Dalam setidaknya satu kasus, mereka memutarbalikkan bukti untuk secara keliru mengklaim seorang reporter sebagai militan yang menyamar, kata dua sumber, meskipun penyebutan tersebut dibatalkan sebelum serangan diperintahkan.
“Mereka sangat ingin melabelinya sebagai target, sebagai teroris, untuk mengatakan bahwa tidak apa-apa untuk menyerangnya,” kenang salah satu sumber. “Mereka bilang: siang hari dia jurnalis, malam hari dia komandan peleton. Semua orang bersemangat. Tapi ada serangkaian kesalahan dan penyelewengan.”
“Akhirnya, mereka menyadari bahwa dia memang jurnalis,” tambah sumber itu, dan reporter itu pun dihapus dari daftar target.
Pemerintah Israel sering memberi perintah kepada tentara tentang di mana unit tersebut harus memfokuskan pekerjaan mereka, dan motif utama “sel legitimasi” adalah hubungan masyarakat, bukan keamanan nasional, kata sumber tersebut.

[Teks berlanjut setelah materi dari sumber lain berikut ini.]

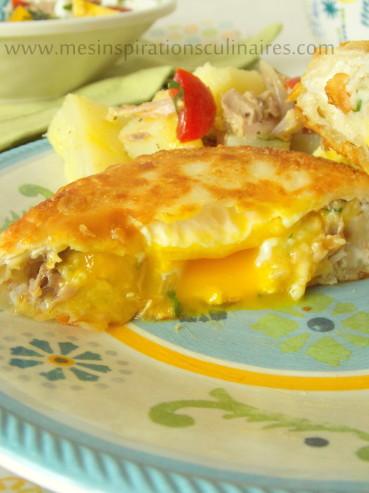 Brick tunisienne à l'oeuf brick-tunisien3.jpg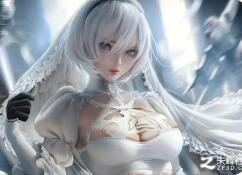 	雪狐狸护考是一款专门为护理师们提供多样化的学习资格证书的软件，可以让有兴趣考取护理师的朋友去学习和备考，更多的题库资源以及名师教学团，为你带来更加多的丰富资源，考试学习超简单实用，丰富的收集功能可以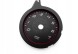 Moman 0089688086360 Dodge CHARGER тахо-циферблати заміна MPH км/год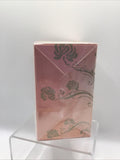 Fancy by Jessica Simpson EDP Perfume for Women Gift 3.4 oz Combine SHIPPING
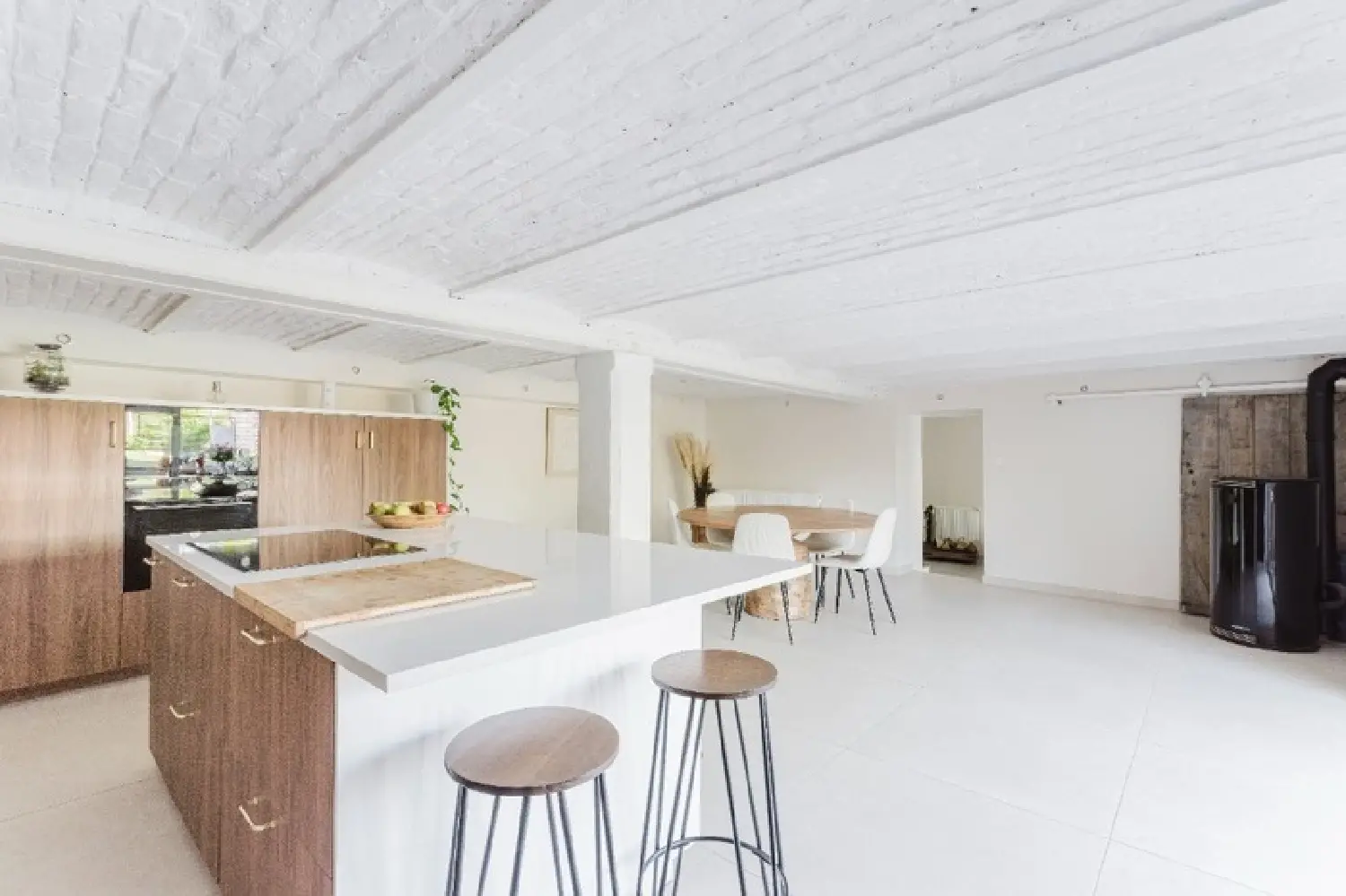  for sale house Wandignies-Hamage Nord 3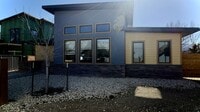 Building Photo - 405 Two Rivers Rd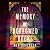 The Memory of Borrowed Books by Meg Anderson The Memory of Borrowed Books by Meg Anderson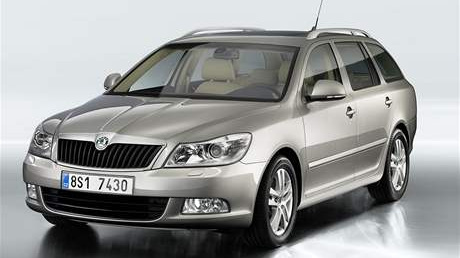 Developerské společnosti rozdávají auta místo slev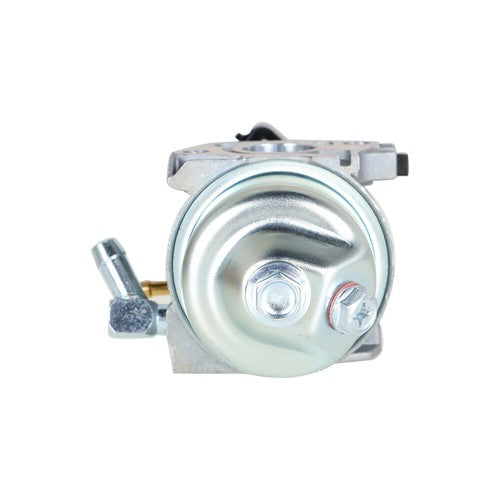 DURAFORCE Blower Carburetor Kit For Toro 127-9008 127-9053 38741 38742 38743 38744 38751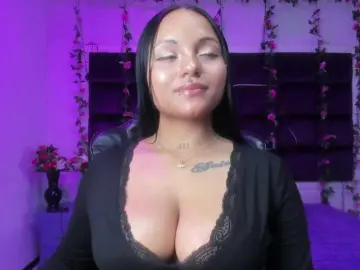 Sweelanna  live sex cam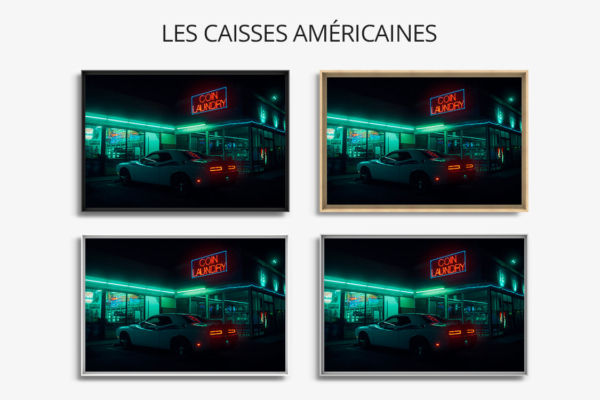 Photo-coin-laundry-caisse-americaine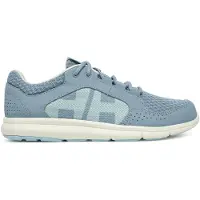 Helly Hansen Ahiga V4 Hydropower Sko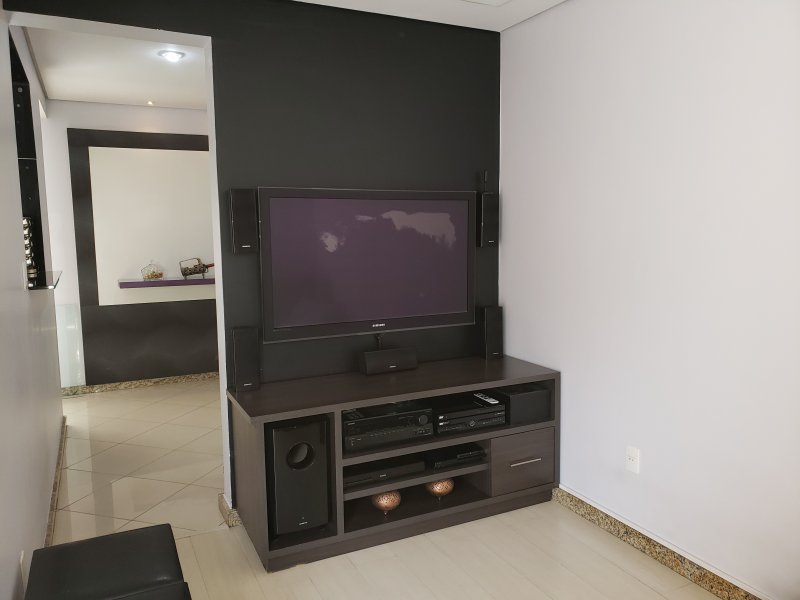 Apartamento à venda Estoril com 135m² e 3 quartos por R$ 45.000.013 - 1817650499-20200625-154736.jpg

Ketika kritik media terhadap Israel atas suatu isu tertentu meningkat, sel tersebut akan ditugaskan untuk menemukan intelijen yang dapat dideklasifikasi dan digunakan untuk melawan narasi tersebut, lapor majalah tersebut.
“Jika media global berbicara tentang Israel yang membunuh jurnalis tak berdosa, maka segera ada dorongan untuk menemukan satu jurnalis yang mungkin tidak begitu polos, seolah-olah itu membuat pembunuhan 20 jurnalis lainnya dapat diterima,” artikel tersebut mengutip seorang sumber intelijen.

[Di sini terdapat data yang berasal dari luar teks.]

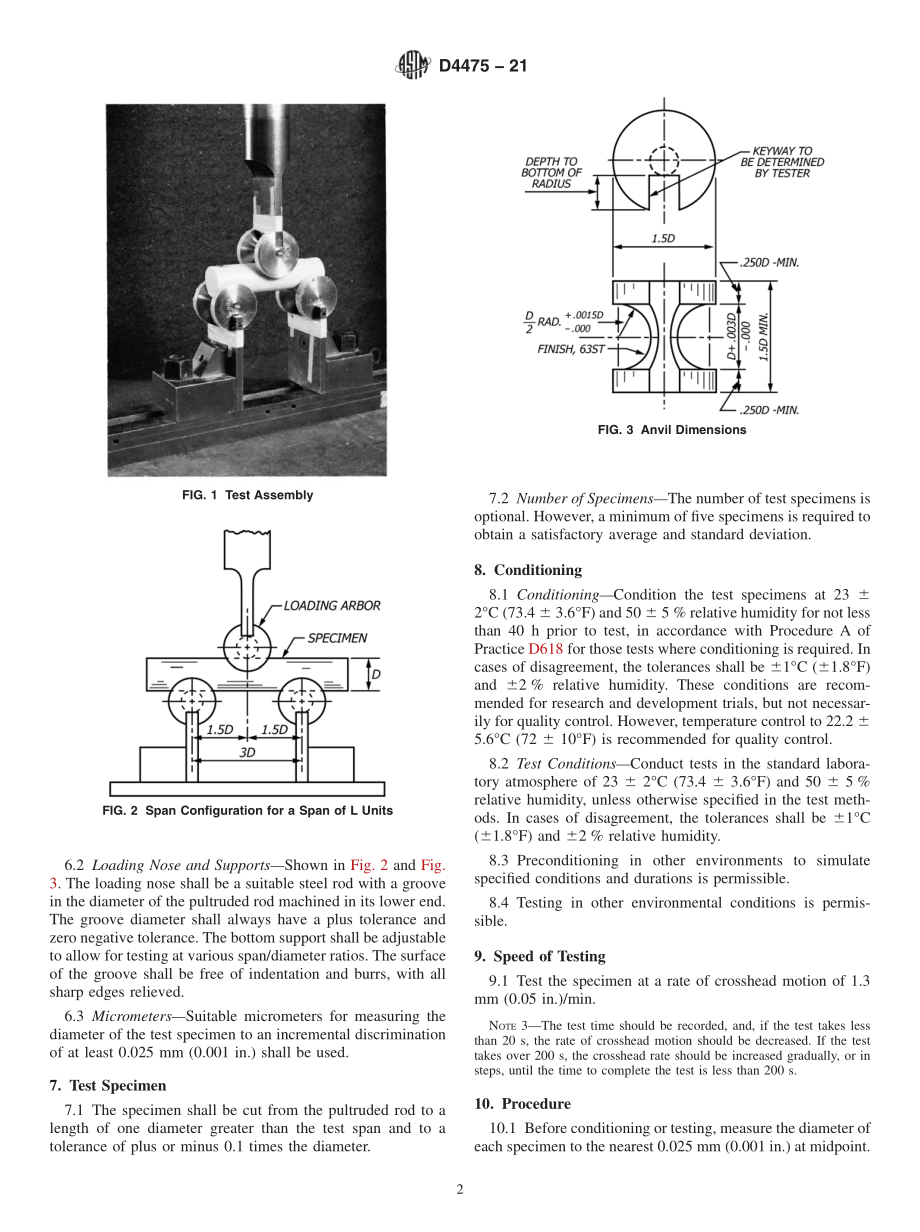 ASTM_D_4475_-_21.pdf_第2页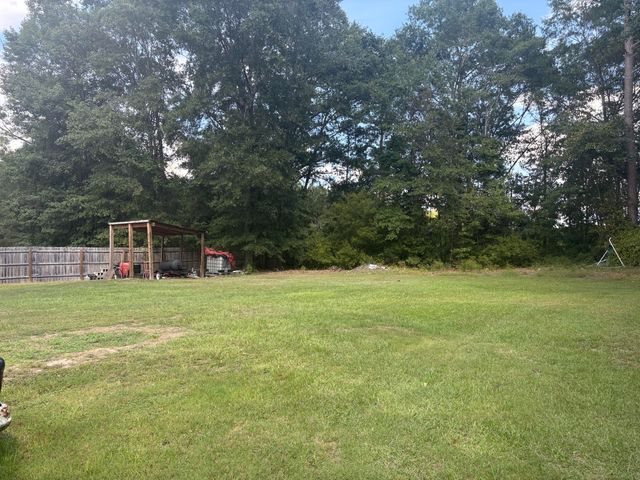 2885 Mallett Road, Manning, SC 29102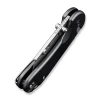 Nóż CIVIVI Elementum Utility Alu Grey C23039B-4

Sel tersebut juga dilaporkan mencari informasi tentang penggunaan sekolah dan rumah sakit oleh Hamas untuk tujuan militer, dan serangan yang gagal oleh kelompok bersenjata Palestina yang melukai warga sipil di sana.
Beberapa anggota unit tersebut dilaporkan khawatir tentang penerbitan materi rahasia untuk alasan hubungan masyarakat, alih-alih tujuan militer atau keamanan. Para perwira diberitahu bahwa pekerjaan mereka krusial bagi kemampuan Israel untuk terus berjuang, kata seorang sumber.

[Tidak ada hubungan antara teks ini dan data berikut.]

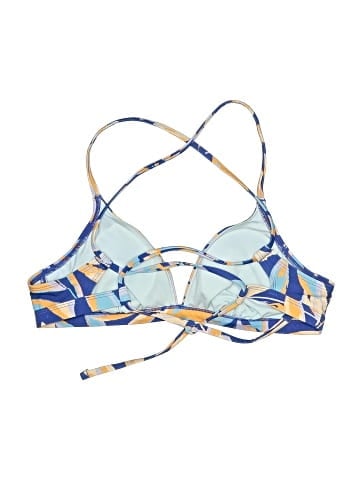 Gottex Swimsuit Top (view 2)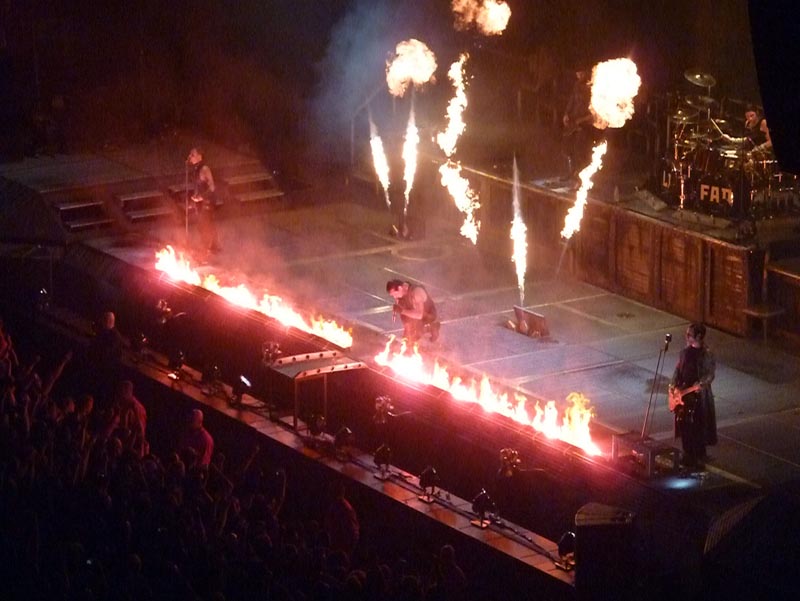 100220-Rammstein-049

“Idenya adalah (memungkinkan militer) beroperasi tanpa tekanan, sehingga negara-negara seperti Amerika tidak akan berhenti memasok senjata,” kata sumber kedua. “Apa pun yang dapat memperkuat legitimasi internasional Israel untuk terus berjuang.”
IDF telah dihubungi untuk dimintai komentar.
Pada hari Jumat, setidaknya 16 warga Palestina tewas akibat serangan Israel di Gaza, termasuk lima orang yang sedang berusaha mendapatkan bantuan pangan, sumber medis mengatakan kepada Al Jazeera.
Israel juga mengeluarkan perintah evakuasi untuk wilayah utara permukiman Zeitoun di Kota Gaza, seiring dengan peningkatan operasi militer mereka menjelang eskalasi perang darat yang direncanakan di Gaza, yang telah banyak dikritik di dalam dan luar negeri.